AIM OF THE EXERCISE = Using only the entries below, copy exactly the lines that begin at the one with "Седан BMW 3 Series 1996 в Києві" and end at the one with "The most versatile", both included. Drop the pictures.

EXTRACTED INFORMATION =
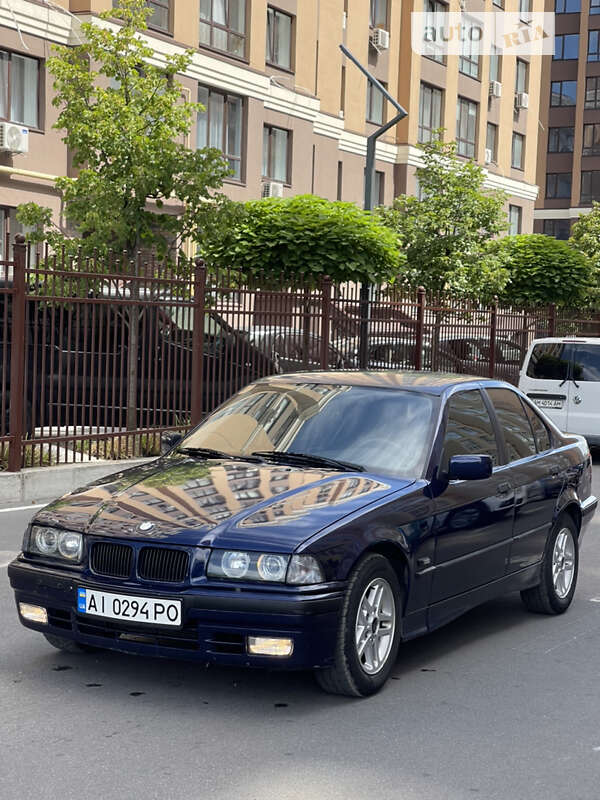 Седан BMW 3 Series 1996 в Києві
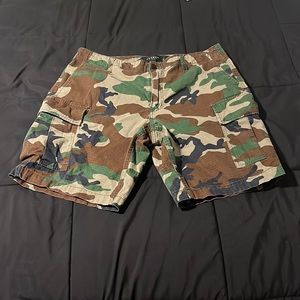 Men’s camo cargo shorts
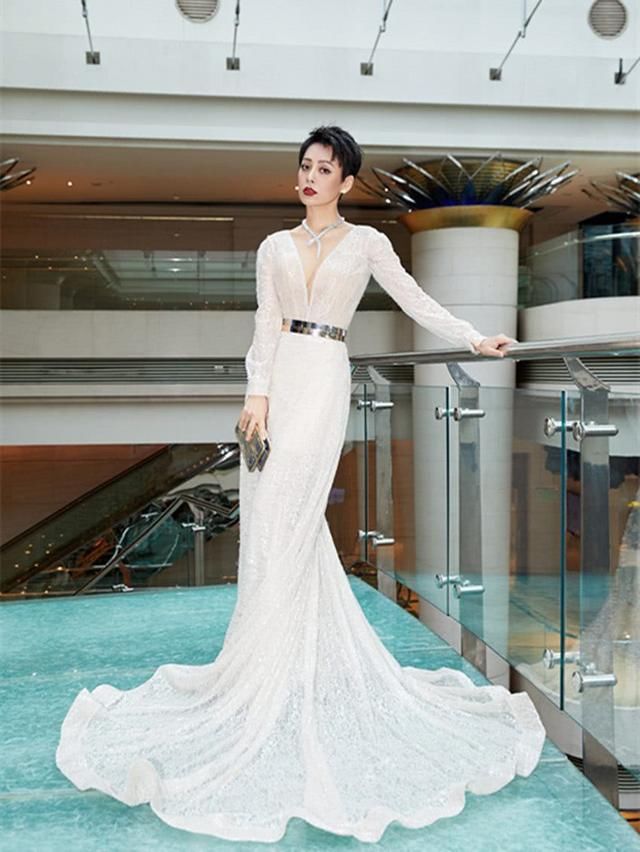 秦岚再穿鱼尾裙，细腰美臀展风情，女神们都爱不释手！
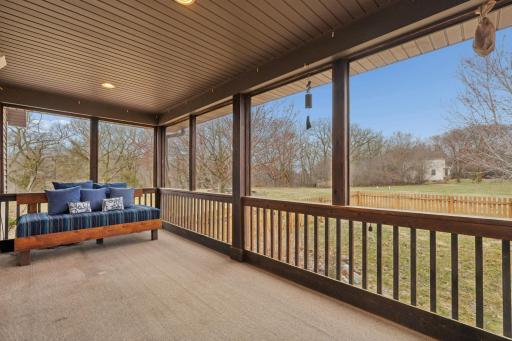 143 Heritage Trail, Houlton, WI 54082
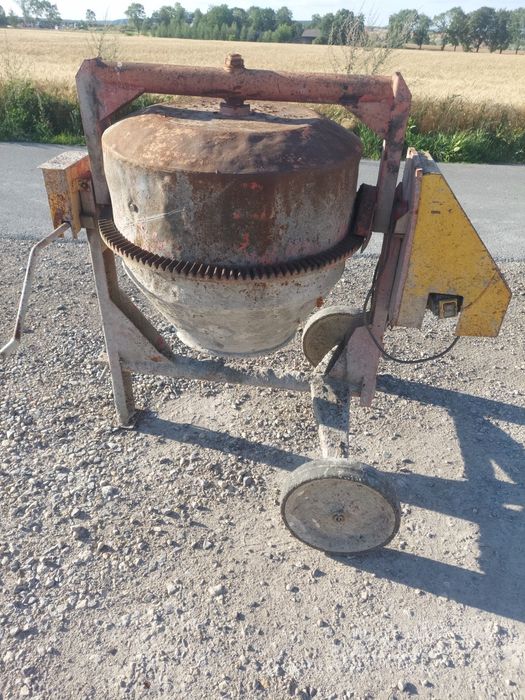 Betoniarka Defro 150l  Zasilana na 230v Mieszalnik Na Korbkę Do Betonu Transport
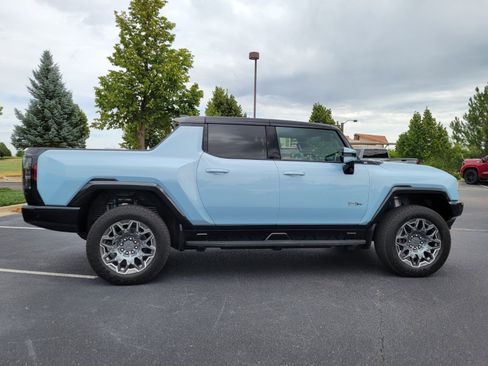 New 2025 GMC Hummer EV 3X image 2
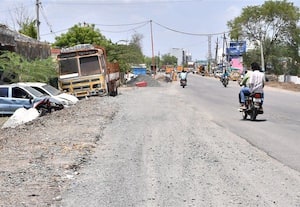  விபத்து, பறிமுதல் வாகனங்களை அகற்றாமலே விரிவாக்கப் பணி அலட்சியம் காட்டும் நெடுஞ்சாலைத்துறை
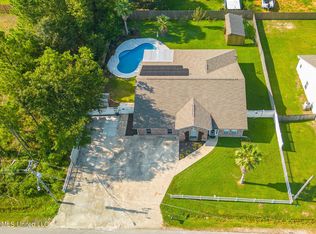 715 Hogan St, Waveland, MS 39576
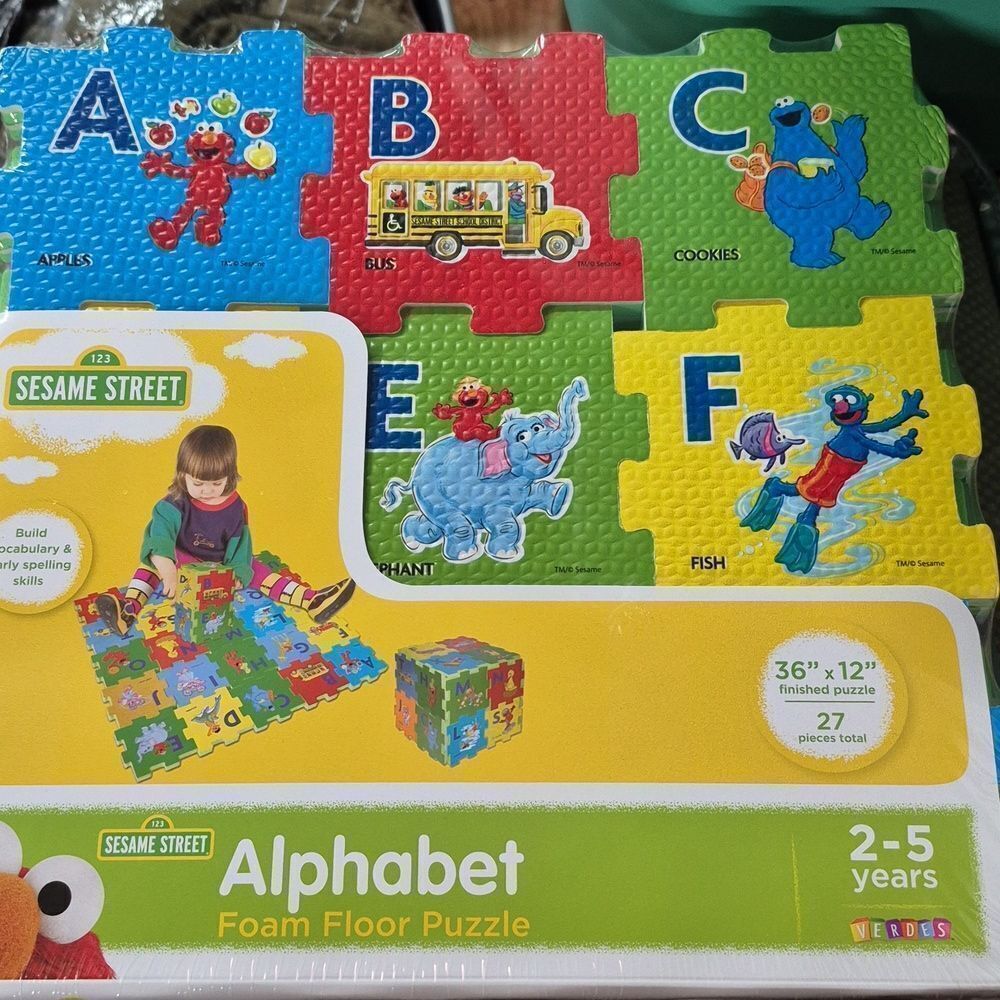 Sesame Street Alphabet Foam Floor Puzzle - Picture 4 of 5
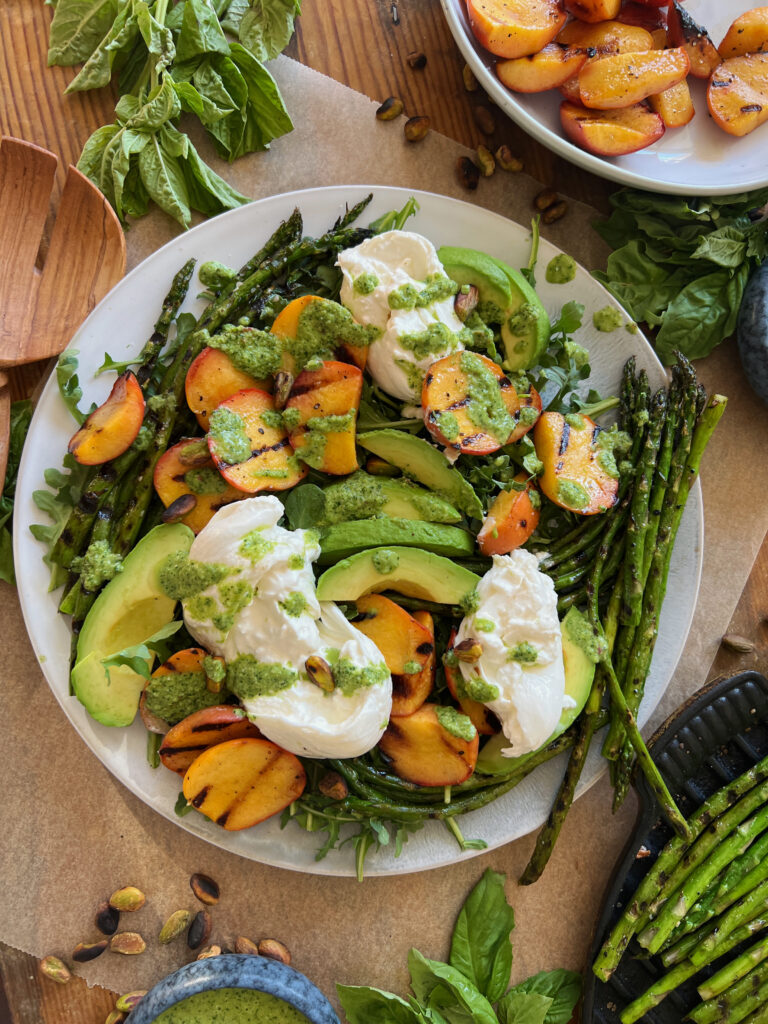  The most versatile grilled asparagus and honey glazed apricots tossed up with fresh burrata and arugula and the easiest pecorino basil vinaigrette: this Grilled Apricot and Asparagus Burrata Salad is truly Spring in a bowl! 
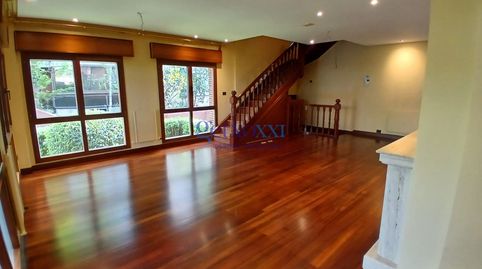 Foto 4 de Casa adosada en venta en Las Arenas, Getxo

--

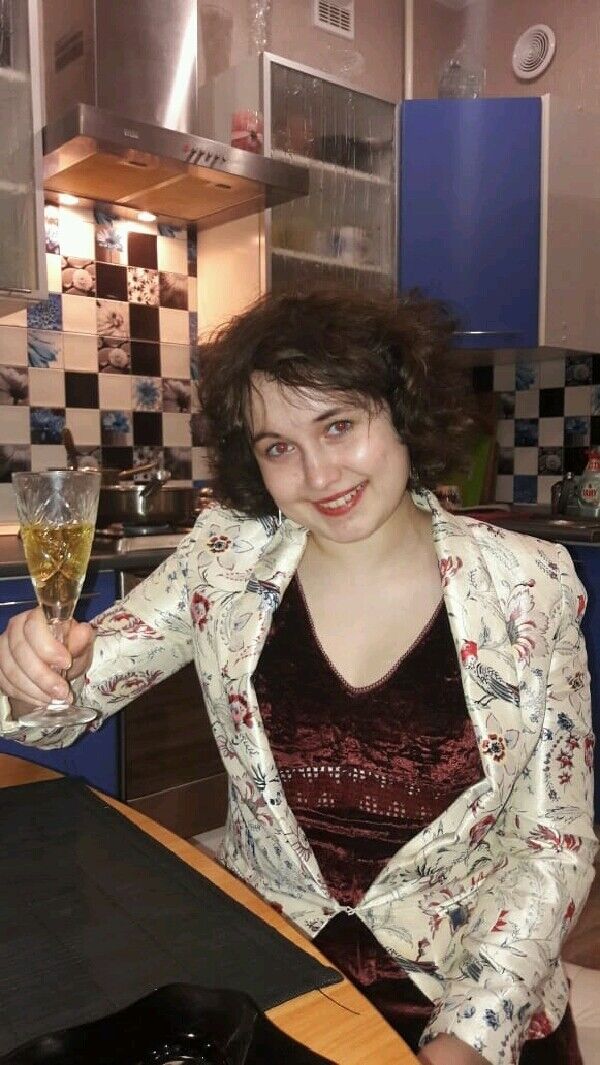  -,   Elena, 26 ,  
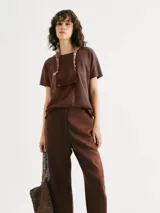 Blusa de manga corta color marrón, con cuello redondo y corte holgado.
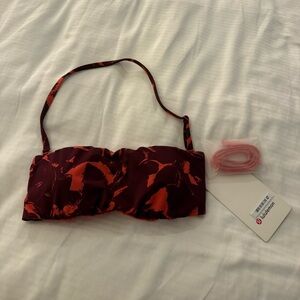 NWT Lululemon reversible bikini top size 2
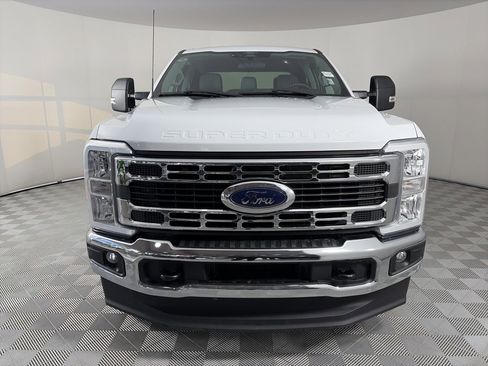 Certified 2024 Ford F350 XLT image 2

--

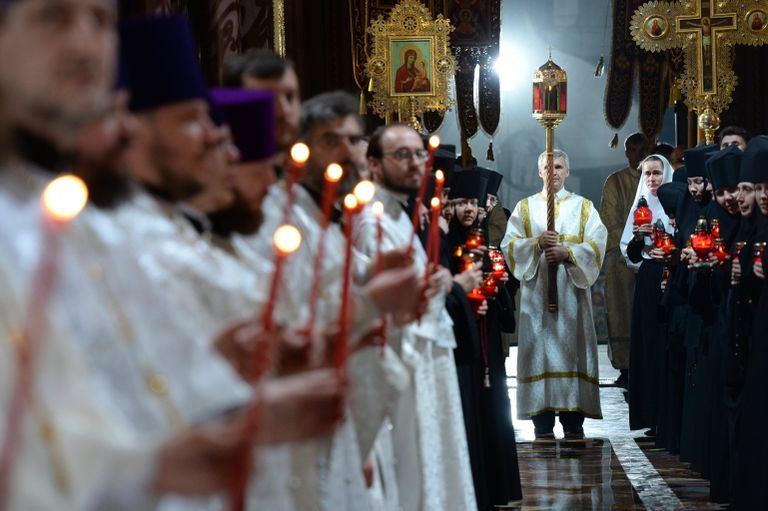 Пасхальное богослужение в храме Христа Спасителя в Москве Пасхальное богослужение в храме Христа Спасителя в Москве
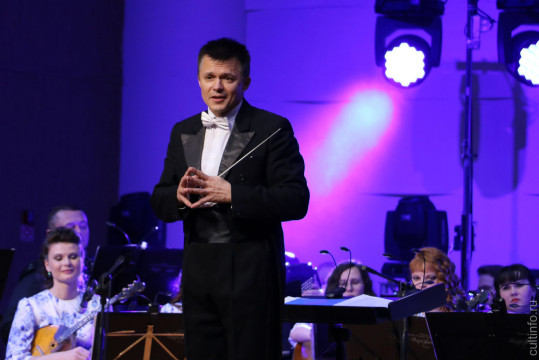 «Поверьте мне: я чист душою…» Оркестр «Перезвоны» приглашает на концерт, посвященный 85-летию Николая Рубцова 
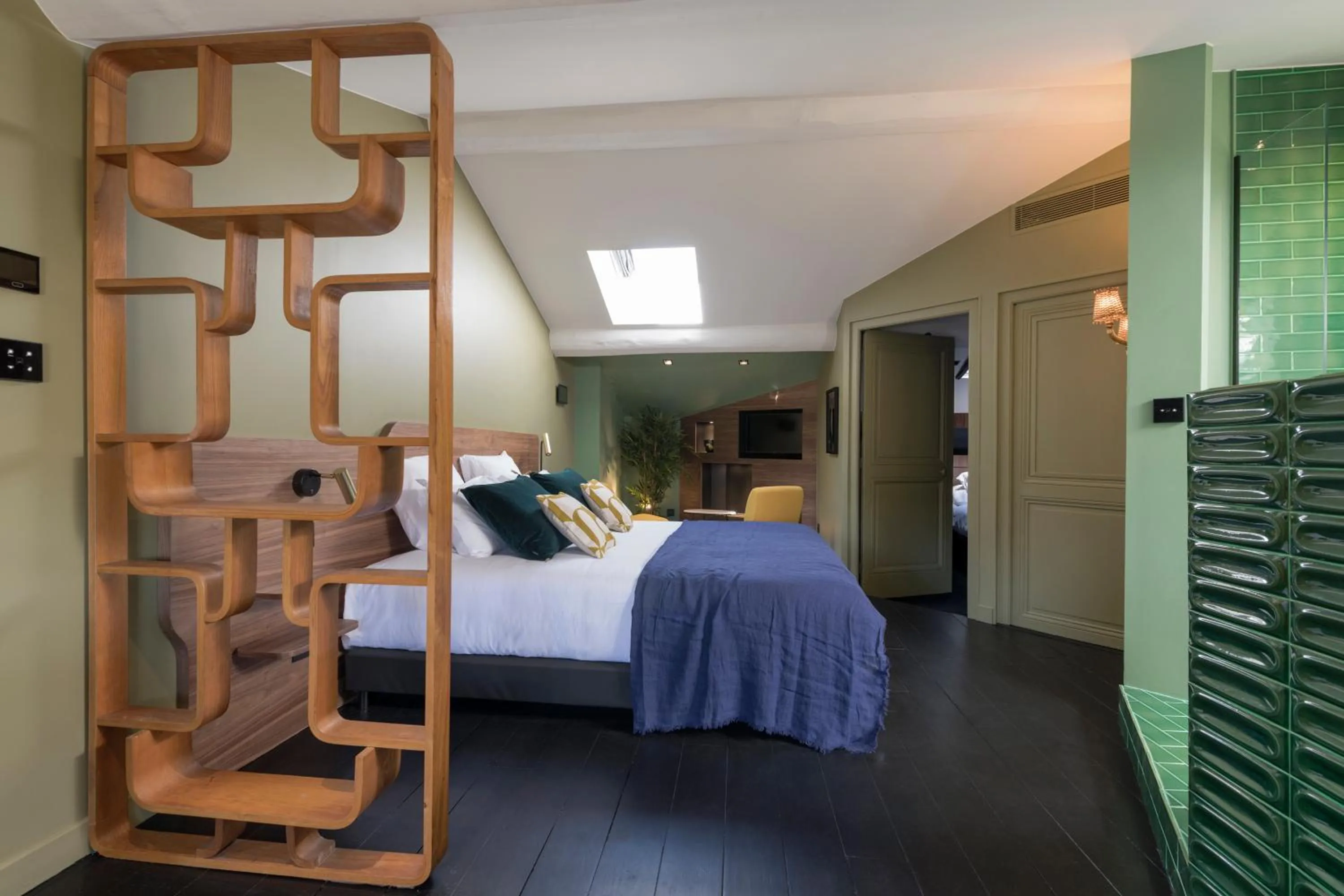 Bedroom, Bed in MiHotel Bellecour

REPLY TO THE TASK =
 Седан BMW 3 Series 1996 в Києві
 Men’s camo cargo shorts
 秦岚再穿鱼尾裙，细腰美臀展风情，女神们都爱不释手！
 143 Heritage Trail, Houlton, WI 54082
 Betoniarka Defro 150l  Zasilana na 230v Mieszalnik Na Korbkę Do Betonu Transport
 New 2025 GMC Hummer EV 3X image 2
  விபத்து, பறிமுதல் வாகனங்களை அகற்றாமலே விரிவாக்கப் பணி அலட்சியம் காட்டும் நெடுஞ்சாலைத்துறை
 715 Hogan St, Waveland, MS 39576
 Sesame Street Alphabet Foam Floor Puzzle - Picture 4 of 5
  The most versatile grilled asparagus and honey glazed apricots tossed up with fresh burrata and arugula and the easiest pecorino basil vinaigrette: this Grilled Apricot and Asparagus Burrata Salad is truly Spring in a bowl! 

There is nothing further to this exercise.